══ Data records
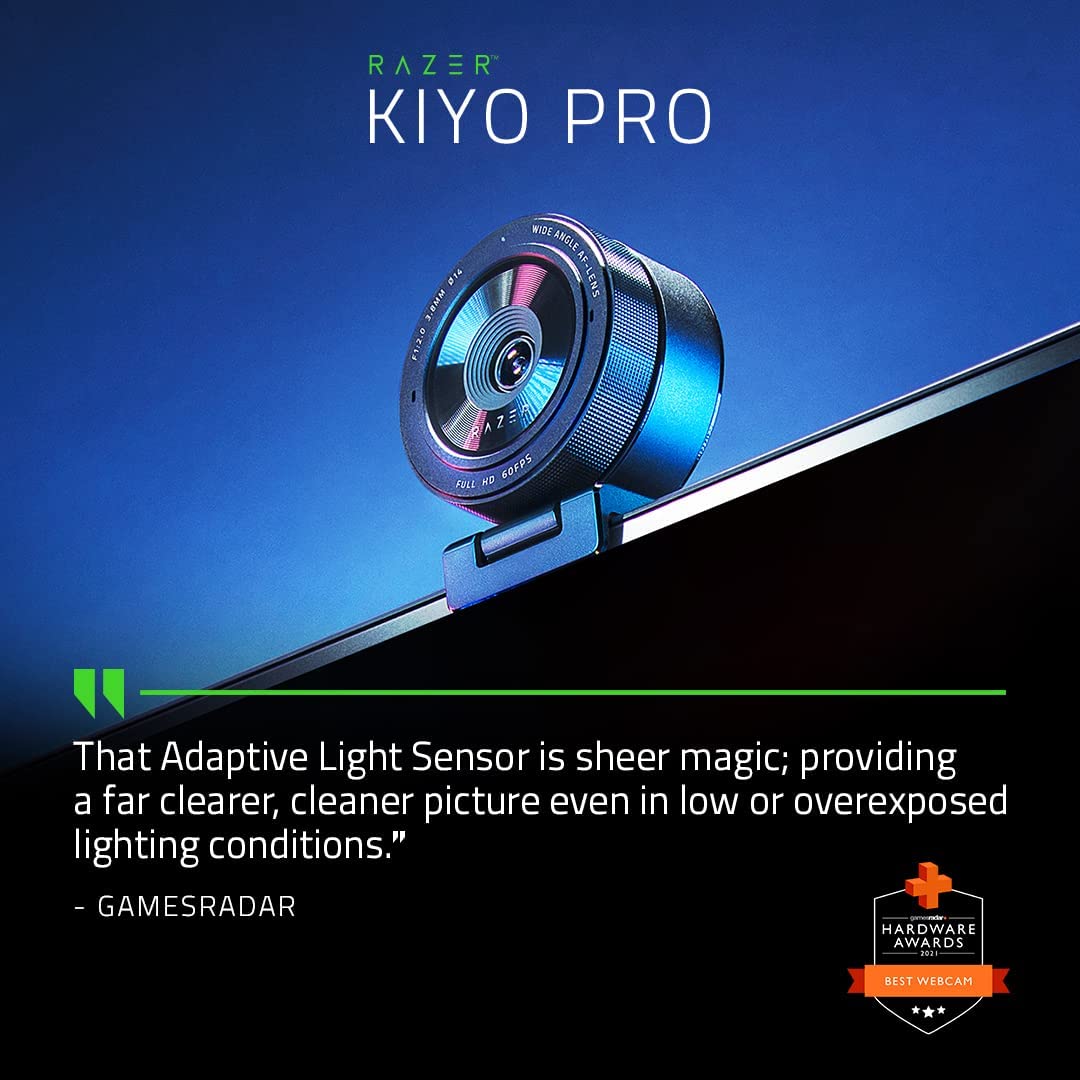 Camara Web Razer Kiyo Pro Full HD 1080p a 60fps USB 3.0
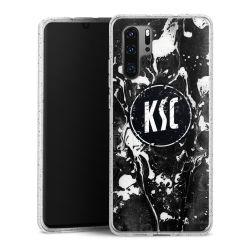 Silikon Glitter Case transparent-silber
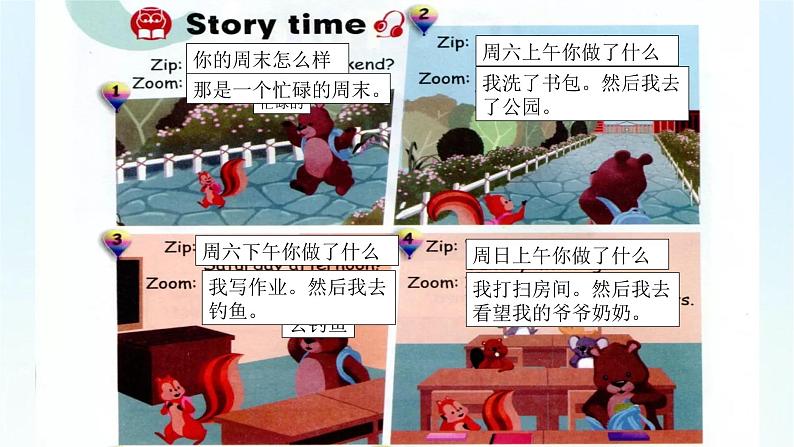 Unit2 Last weekend,PartC（课件）六年级英语下册同步（人教PEP版）08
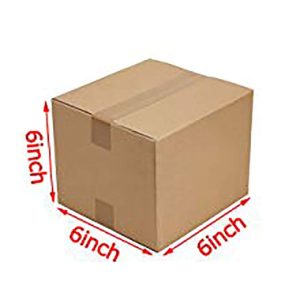 6x6x6 Inch 5 Ply Corrugated Box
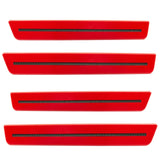 2015-2023 Dodge Challenger Concept Sidemarker Set with redline pearl paint and tinted lenses.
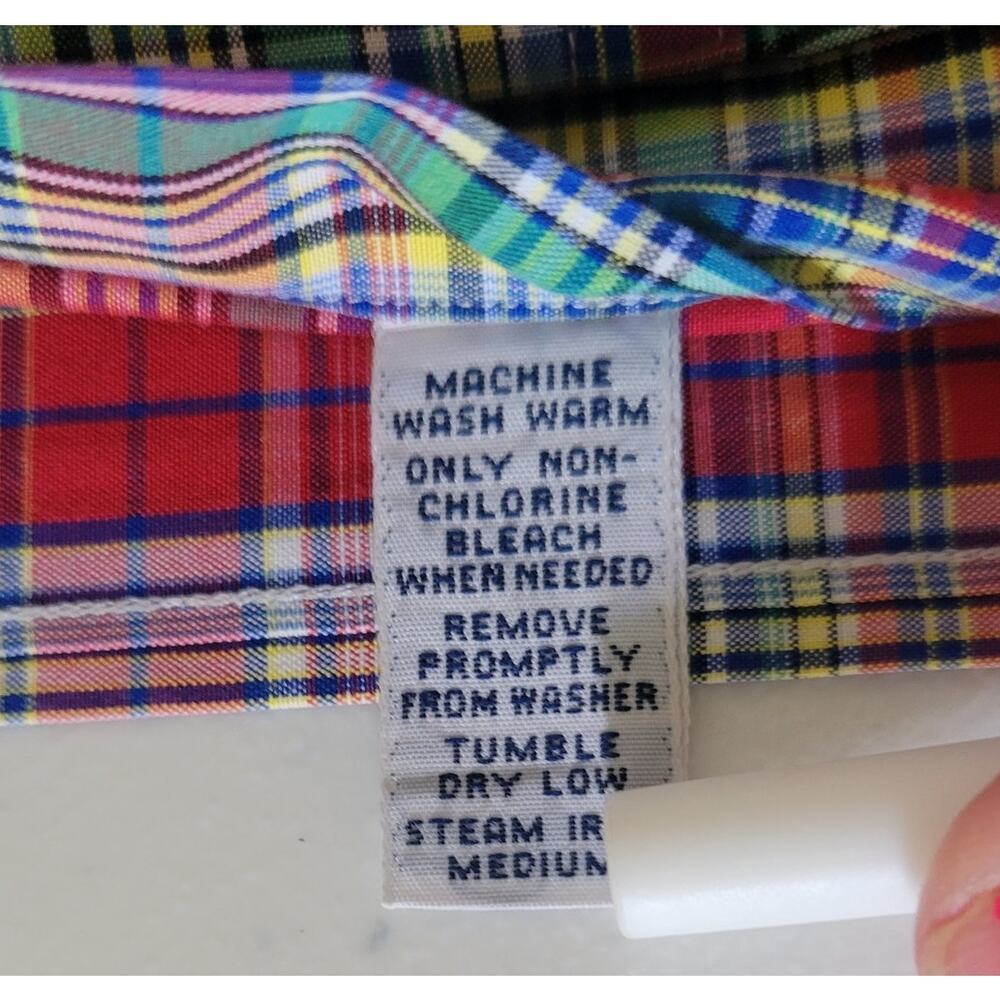 Ralph Lauren Button Down Shirt Mens L Red Plaid Long Sleeve Preppy Logo Pony - Picture 12 of 16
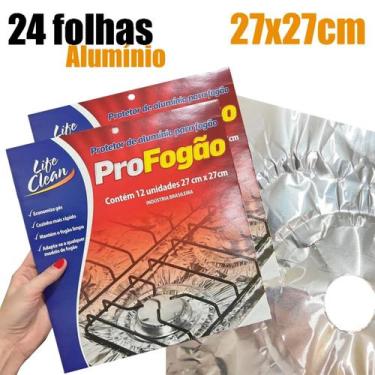 Imagem de Protetor de alumínio para fogão, forra Fogão, Alumínio, Tradicional, H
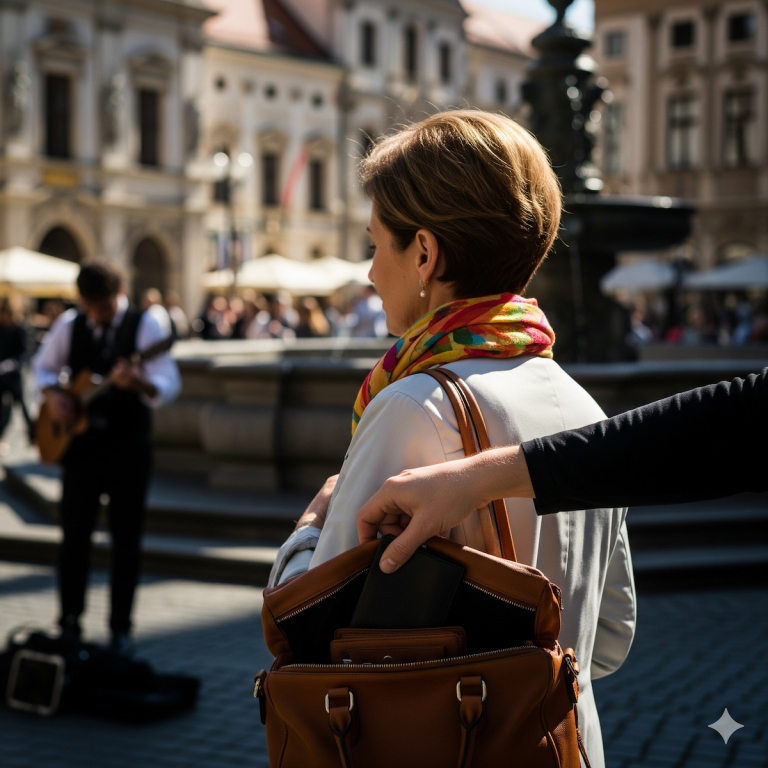 Older travelers are at risk for pickpockets (credit: Gemini)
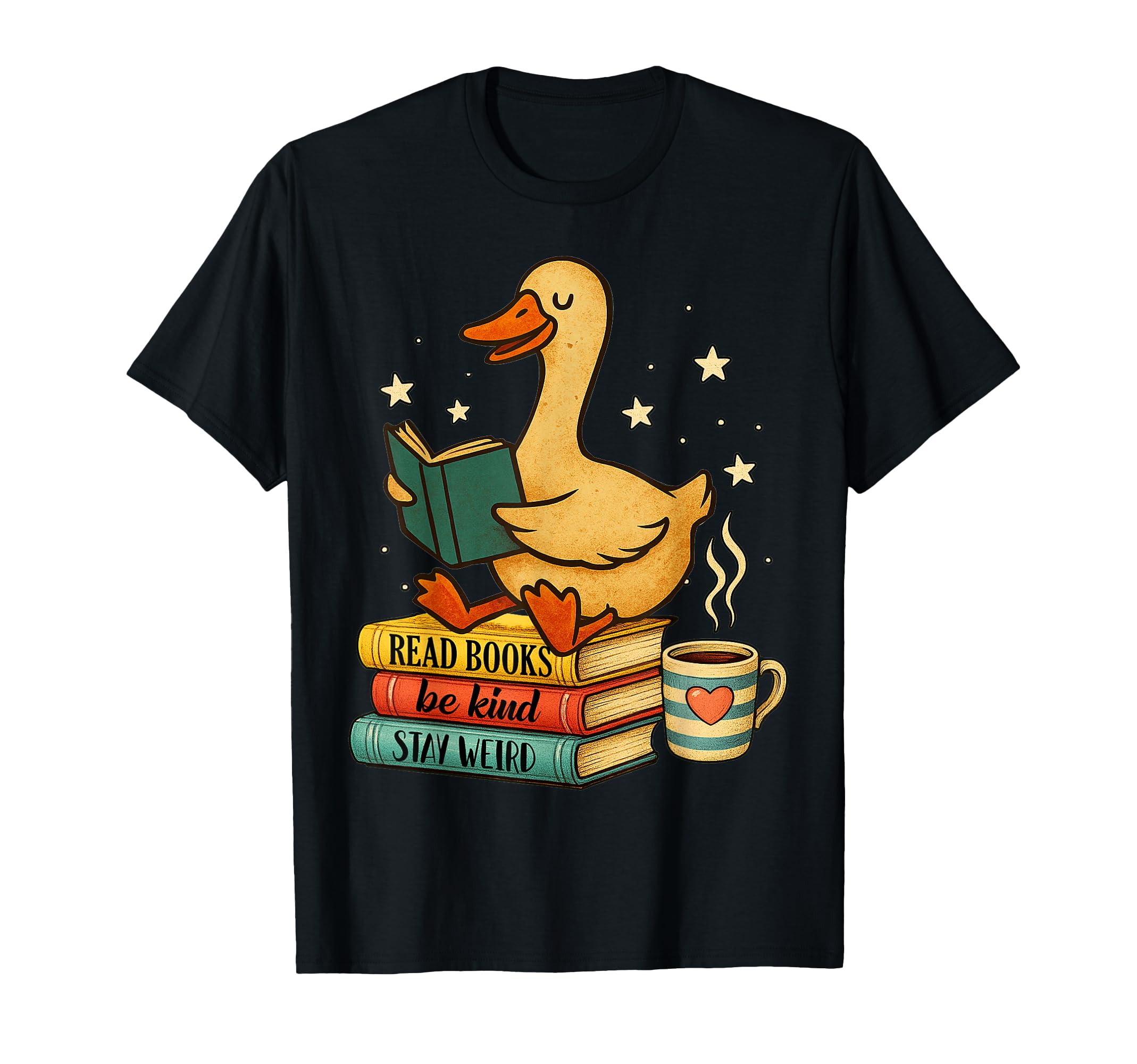 Book Lover Silly Goose Reading T-Shirt - Fun Novelty Design for Adults - T-Shirt, Sweatshirt, Hoodie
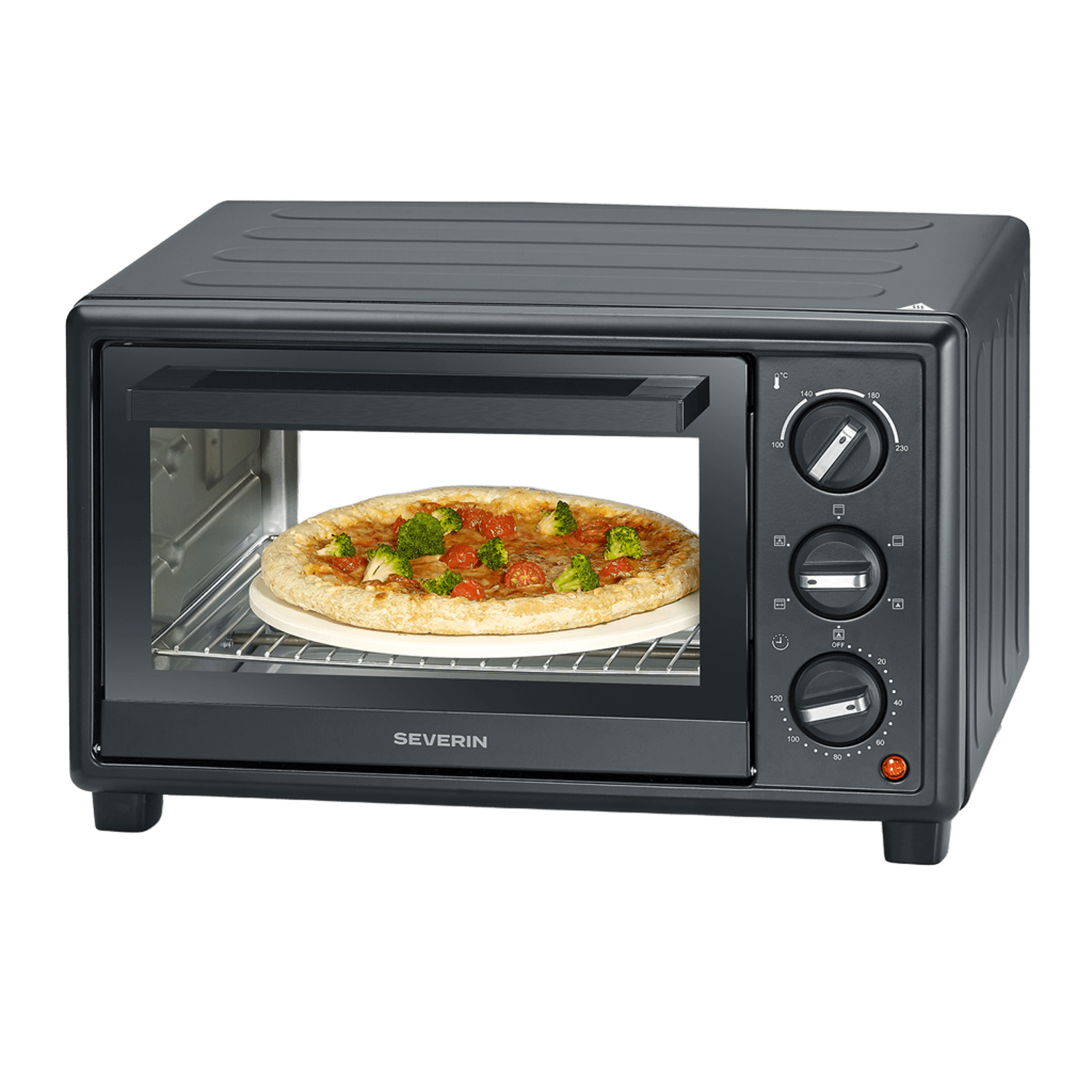 Miniugn 20L TO2079 Pizzasten Svart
════
= Work request =
Starting at the line with "Unit2 Last weekend,PartC（课件）六年级英语下册同步（人教PEP版）08" in the entries above, write out every line exactly until the line with "Older travelers are" has been written. Include no pictures and nothing more.

= Answer for this exercise =
 Unit2 Last weekend,PartC（课件）六年级英语下册同步（人教PEP版）08
 6x6x6 Inch 5 Ply Corrugated Box
 2015-2023 Dodge Challenger Concept Sidemarker Set with redline pearl paint and tinted lenses.
 Ralph Lauren Button Down Shirt Mens L Red Plaid Long Sleeve Preppy Logo Pony - Picture 12 of 16
 Imagem de Protetor de alumínio para fogão, forra Fogão, Alumínio, Tradicional, H
 Older travelers are at risk for pickpockets (credit: Gemini)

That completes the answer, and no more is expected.